Cartórios eleitorais: a porta de entrada da Justiça Eleitoral

Servidoras relatam experiências do trabalho em favor da democracia

Cartórios eleitorais: a porta de entrada da Justiça Eleitoral

O primeiro contato do cidadão com a Justiça Eleitoral se dá nos cartórios eleitorais, que centralizam e coordenam os eleitores domiciliados em uma região geograficamente delimitada. É lá que ele se apresenta, é qualificado e inscrito como eleitor. Além da parte administrativa da Zona Eleitoral, nos cartórios também funciona a seção judicial.

Em Santa Catarina, há 99 Zonas Eleitorais por onde se inicia a maior parte dos serviços administrativos e jurisdicionais disponibilizados à população. Uma força de trabalho que envolve cerca de 500 profissionais entre servidores efetivos, provisórios, requisitados e estagiários, motivados e dedicados a atender cada cidadão.

Esse empenho é direcionado não só à realização das eleições, mas também no auxílio em resolver situações cotidianas como a regularização da situação eleitoral para o recebimento de vencimentos em órgãos públicos e benefícios previdenciários, participar de concursos públicos, viajar ao exterior, obter empréstimo em instituições financeiras, renovar matrículas em instituições de ensino e até mesmo para contratar com a administração pública.

A chefe de cartório da 96ª Zona Eleitoral de Joinville, Juliana Teixeira Warmling, explica que a demanda de trabalho é maior na prestação de serviços que permitem ao eleitor exercer seus direitos de cidadão perante outras instituições e no atendimento aos partidos políticos.

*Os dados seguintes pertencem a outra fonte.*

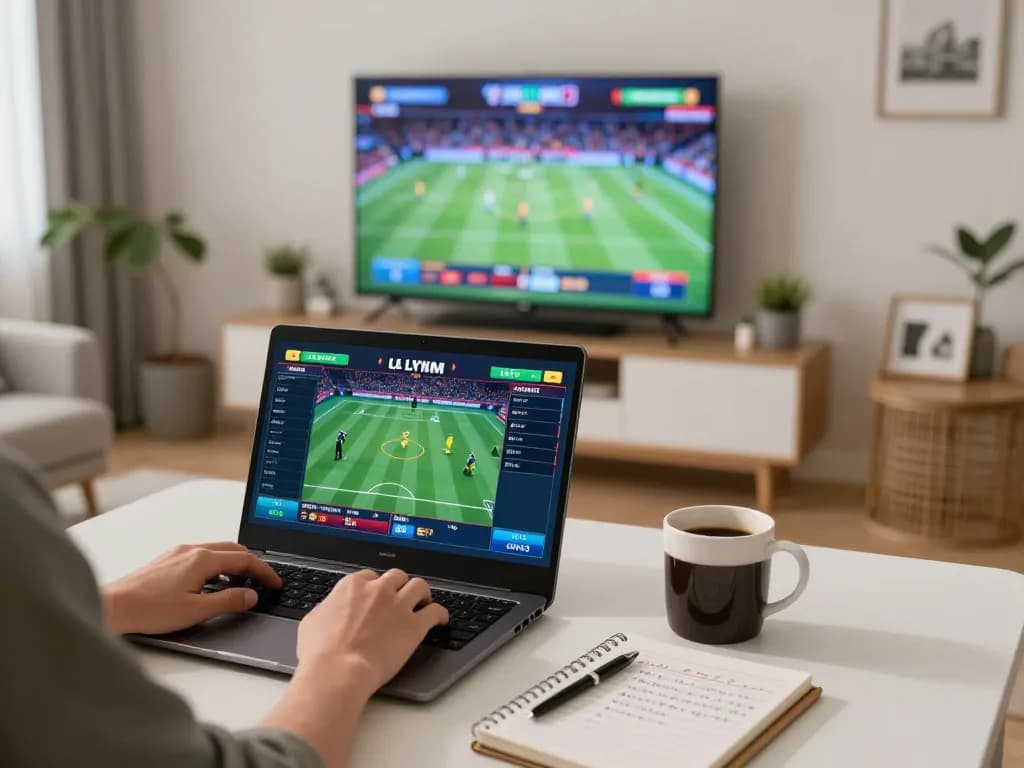 Bongdalu sports betting setup at home with laptop and screen showing live games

Para ela, a qualidade e presteza ao atender o público externo é mais que uma missão institucional da Justiça Eleitoral, uma vez que a humanização no atendimento já está internalizada em cada servidor no exercício de suas atividades.

“Quando um eleitor entra em contato conosco solicitando urgência, pois conseguiu um emprego ou alguma outra oportunidade e precisa da sua situação eleitoral em dia, o servidor de cartório fornece o atendimento como deve ser feito, com seriedade, seguindo a lei, mas com boa pitada de empatia”, revela.

Eleições

Além do envolvimento direto nos pleitos municipais, estaduais e federais, também cabem aos servidores das Zonas Eleitorais a realização de eleições suplementares nos municípios, bem como a organização e o acompanhamento de pleitos comunitários e de votações simuladas praticadas durante campanhas institucionais de incentivo à participação política dos eleitores.

É a Justiça Eleitoral que disponibiliza a urna eletrônica, incluindo apoio e suporte, para que entidades públicas organizadas e instituições de ensino possam realizar as suas eleições, a exemplo do que ocorre para os conselhos de classe profissionais (OAB/SC, CRM/SC, CREA/SC, etc.), conselhos tutelares, reitorias e diretorias de instituições de ensino, entre outros.

Quando o assunto é eleições, a servidora Adriana Martins Ferreira Festugattodo, da 94ª Zona Eleitoral de Chapecó/SC, traz na bagagem a experiência de quem já participou de vários pleitos no estado. Ela destaca os trabalhos realizados em comunidades indígenas e cita, como exemplo, a eleição na Terra Indígena Toldo Chimbangue (Chapecó, 2016) – a primeira eleição eletrônica para cacique registrada no país.  

“Nossa tarefa, inicialmente, era prestar o treinamento dos mesários e o suporte técnico à urna, além da apuração. Ocorre que, ao acompanhar os primeiros momentos de funcionamento da seção, notamos que grande parte dos eleitores locais nunca tinha tido contato com o equipamento e não sabiam, de fato, como registrar o voto. Numa decisão rápida, com o acompanhamento da FUNAI e de representantes do MPF, improvisamos uma seção off-line com a urna de contingência para apresentar aos eleitores como funcionava o processo. Foi um grande desafio e nos sentimos muito orgulhos por isso”, recorda.

Campanhas

O comprometimento e denodo de quem trabalha na Justiça Eleitoral também são constatados na realização de projetos institucionais, a exemplo das campanhas pelo voto consciente e contra a fraude nas eleições, que contam com a participação direta dos servidores por meio de diversas iniciativas junto às entidades locais (associações de bairro, escolas, entidades filantrópicas, etc.).

Além dessas campanhas, outros projetos voltados à educação das crianças para a cidadania e à participação de jovens e mulheres na política têm contado com a atuação permanente das Zonas Eleitorais.

Mais do que atender eleitores de um ou vários municípios, os cartórios eleitorais são espaços voltados para o exercício e o fortalecimento da democracia no país.